Monthly Archives: August 2018

Sizing & Selection Criteria for Control Valve Actuators

Valves are used to control the flow of fluid in process systems. During routine operations, the position of valves often needs to be opened or closed regularly. In large plants, manually adjusting these valves can be time-consuming and largely impractical.

In these cases, valve actuators are used in place of hand-operated wheels and levers. Valve actuators are mechanical devices used to adjust valve positions. Instead of having operators physically locate and reposition valves, valve positions can be adjusted from a remotely located control room.

The actuator itself is a mechanism that produces a particular motion to control a valve. This motion can be either:

  • Linear

Forward/backward or up/down in a fixed plane (such as in a globe valve)

  • Rotary

Revolving around a fixed axis (similar to butterfly valves)

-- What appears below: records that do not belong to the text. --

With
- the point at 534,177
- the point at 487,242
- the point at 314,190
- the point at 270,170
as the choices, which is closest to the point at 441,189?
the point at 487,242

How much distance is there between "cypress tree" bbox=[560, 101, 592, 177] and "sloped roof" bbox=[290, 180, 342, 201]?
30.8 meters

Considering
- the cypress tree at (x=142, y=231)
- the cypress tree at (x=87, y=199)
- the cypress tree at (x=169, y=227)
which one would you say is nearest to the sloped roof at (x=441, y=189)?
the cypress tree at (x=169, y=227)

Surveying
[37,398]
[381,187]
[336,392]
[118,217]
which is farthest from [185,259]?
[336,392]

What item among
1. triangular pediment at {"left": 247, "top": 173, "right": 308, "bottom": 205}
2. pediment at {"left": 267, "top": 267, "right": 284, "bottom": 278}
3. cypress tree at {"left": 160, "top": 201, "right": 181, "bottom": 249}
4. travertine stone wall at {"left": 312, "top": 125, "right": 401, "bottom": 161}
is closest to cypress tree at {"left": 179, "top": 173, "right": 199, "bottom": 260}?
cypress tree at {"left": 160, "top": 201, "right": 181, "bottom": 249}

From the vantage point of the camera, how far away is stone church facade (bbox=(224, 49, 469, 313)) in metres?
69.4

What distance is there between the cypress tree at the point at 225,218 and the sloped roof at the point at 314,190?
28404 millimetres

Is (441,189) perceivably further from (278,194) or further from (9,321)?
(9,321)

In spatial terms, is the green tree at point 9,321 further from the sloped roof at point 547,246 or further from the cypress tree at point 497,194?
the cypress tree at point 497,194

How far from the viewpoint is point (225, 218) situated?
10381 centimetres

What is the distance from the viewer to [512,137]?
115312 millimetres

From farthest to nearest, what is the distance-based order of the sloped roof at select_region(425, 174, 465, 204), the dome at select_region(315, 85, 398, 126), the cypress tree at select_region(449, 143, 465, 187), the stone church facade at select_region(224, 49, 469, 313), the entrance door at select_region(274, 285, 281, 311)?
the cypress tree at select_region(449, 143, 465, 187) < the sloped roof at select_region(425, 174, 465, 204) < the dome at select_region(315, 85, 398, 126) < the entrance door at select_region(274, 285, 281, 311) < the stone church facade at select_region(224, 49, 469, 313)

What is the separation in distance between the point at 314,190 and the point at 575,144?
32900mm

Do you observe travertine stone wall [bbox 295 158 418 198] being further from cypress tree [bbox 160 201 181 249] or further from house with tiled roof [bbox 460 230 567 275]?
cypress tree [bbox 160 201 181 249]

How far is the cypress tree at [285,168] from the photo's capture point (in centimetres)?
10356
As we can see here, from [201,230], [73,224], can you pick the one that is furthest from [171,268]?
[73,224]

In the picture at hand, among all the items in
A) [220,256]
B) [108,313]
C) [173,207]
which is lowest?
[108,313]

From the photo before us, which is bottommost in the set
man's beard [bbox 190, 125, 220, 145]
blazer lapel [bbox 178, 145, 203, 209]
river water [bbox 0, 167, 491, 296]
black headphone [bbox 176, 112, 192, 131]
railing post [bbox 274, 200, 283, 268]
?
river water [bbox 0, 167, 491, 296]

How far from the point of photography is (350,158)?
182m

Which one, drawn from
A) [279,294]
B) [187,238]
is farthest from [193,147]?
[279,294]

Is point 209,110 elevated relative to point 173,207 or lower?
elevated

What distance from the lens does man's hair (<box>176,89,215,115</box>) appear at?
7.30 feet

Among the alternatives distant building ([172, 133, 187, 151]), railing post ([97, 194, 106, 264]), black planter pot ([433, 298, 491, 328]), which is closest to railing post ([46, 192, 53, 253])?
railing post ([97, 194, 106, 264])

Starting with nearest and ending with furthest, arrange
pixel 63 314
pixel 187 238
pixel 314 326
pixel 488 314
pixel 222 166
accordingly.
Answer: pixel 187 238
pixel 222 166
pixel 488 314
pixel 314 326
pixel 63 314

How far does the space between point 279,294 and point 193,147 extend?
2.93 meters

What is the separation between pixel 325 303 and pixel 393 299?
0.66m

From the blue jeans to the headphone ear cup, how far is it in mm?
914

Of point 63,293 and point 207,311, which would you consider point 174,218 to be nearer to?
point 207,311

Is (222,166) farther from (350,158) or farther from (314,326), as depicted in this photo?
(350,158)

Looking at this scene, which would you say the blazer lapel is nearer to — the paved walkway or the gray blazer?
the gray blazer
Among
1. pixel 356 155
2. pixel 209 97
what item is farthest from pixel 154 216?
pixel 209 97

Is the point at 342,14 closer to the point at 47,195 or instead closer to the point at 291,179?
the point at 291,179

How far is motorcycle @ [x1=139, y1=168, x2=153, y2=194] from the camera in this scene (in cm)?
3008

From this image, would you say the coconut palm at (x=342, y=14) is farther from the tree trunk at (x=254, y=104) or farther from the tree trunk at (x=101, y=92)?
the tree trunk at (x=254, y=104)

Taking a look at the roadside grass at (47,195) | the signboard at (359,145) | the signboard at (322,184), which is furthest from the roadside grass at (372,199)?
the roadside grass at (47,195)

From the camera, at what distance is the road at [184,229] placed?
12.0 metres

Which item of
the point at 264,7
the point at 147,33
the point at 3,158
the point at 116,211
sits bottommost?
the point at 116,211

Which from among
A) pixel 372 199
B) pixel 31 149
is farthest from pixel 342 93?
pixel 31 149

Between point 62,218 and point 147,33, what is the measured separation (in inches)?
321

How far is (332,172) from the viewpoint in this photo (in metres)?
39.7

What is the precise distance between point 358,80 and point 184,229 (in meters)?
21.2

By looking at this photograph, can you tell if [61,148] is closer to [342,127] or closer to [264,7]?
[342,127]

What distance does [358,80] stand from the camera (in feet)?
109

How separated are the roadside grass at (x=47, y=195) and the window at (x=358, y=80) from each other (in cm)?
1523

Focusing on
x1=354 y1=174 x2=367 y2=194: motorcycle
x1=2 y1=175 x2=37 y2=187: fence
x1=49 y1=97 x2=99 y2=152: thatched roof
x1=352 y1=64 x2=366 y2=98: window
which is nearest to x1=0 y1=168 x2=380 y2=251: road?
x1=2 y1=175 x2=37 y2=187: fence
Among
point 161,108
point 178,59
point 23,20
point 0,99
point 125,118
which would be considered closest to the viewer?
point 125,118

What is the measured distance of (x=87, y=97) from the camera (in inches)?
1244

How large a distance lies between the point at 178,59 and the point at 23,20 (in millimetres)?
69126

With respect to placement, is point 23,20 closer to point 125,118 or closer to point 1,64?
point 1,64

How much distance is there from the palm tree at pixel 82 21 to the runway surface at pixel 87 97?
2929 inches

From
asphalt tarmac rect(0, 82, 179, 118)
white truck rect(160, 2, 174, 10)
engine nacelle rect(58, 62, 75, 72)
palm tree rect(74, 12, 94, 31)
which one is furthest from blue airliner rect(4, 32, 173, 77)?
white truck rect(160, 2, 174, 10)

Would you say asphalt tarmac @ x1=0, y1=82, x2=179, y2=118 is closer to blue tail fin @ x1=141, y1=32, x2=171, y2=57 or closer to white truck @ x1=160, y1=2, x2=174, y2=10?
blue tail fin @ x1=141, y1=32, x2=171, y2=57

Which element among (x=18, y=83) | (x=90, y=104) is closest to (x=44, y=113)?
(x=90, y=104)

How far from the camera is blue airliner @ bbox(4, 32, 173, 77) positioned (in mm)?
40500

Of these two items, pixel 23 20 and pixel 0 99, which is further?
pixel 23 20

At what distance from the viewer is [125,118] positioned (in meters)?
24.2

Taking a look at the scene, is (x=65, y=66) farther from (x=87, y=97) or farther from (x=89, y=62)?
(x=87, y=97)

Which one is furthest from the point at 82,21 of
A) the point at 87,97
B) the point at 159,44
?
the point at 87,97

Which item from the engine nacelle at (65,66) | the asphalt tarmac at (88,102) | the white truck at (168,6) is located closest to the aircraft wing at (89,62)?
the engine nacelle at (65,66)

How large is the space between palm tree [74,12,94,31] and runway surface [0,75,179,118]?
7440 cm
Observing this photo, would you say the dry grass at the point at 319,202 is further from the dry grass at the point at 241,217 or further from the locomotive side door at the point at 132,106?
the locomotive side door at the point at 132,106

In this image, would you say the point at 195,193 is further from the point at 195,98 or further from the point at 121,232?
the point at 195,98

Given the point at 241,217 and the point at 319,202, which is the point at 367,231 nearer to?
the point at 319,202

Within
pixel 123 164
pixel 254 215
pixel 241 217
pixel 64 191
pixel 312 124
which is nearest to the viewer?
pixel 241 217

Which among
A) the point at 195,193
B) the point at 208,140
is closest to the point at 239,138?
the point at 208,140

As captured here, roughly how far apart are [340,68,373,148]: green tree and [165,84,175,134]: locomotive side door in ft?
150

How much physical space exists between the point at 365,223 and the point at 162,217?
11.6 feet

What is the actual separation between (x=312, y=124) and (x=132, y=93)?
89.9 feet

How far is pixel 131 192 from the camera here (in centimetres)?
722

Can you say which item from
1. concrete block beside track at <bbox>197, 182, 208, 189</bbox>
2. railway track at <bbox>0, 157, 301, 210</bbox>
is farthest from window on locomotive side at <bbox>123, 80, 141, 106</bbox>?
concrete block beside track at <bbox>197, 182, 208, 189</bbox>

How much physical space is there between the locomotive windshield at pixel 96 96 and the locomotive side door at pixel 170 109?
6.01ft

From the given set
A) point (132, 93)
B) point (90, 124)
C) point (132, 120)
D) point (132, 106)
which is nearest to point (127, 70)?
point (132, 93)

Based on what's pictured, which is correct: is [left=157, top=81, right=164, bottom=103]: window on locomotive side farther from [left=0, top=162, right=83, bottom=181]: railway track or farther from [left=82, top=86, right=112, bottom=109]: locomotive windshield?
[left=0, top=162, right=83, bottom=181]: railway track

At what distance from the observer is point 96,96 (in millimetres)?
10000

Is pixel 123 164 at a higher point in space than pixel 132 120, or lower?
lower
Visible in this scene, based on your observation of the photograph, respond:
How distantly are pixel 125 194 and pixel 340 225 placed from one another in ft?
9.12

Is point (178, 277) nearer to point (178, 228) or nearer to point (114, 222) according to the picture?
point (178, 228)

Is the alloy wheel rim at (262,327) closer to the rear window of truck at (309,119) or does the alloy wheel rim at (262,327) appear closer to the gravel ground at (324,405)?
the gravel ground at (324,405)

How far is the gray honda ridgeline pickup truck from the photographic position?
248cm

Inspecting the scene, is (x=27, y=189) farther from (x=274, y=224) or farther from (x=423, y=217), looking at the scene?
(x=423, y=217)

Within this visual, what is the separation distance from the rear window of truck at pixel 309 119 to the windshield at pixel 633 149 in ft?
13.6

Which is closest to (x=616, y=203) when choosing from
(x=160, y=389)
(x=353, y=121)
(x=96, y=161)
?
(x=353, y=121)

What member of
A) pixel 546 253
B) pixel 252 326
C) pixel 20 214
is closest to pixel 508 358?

Valve actuators can be used with control valves to throttle or regulate process flows, or they can be used in isolation valves to stop the flow of fluid at a given location. These devices are commonly used in a variety of industrial plants, including:

  • Water/wastewater treatment facilities
  • Power plants
  • Oil refineries
  • Food and beverage
  • Oil and gas

Types of Valve Actuators

The working principle of actuator valves primarily depends on their driving force. The two most common types of valve actuators are pneumatic and electric.

  • Pneumatic Valve Actuators

Pneumatic valve actuators are the most common type of actuator used in process systems. These actuators use air (or other gas) pressure as a main power source. Air pressure is used to produce motion to control the position of the valve.

For double acting and spring return models, we offer two different styles of rack and pinion pneumatic actuators. Rack and pinion pneumatics are excellent for a variety of industrial applications in fields such as chemical & plastic, food & beverage, and a whole breadth of general industrial sectors.

Our rack and pinion actuators are available in the PN Series or the SS Series with two different body material options (hard anodized extruded aluminum or stainless steel), plus feature ISO and NAMUR mounting to meet international standards.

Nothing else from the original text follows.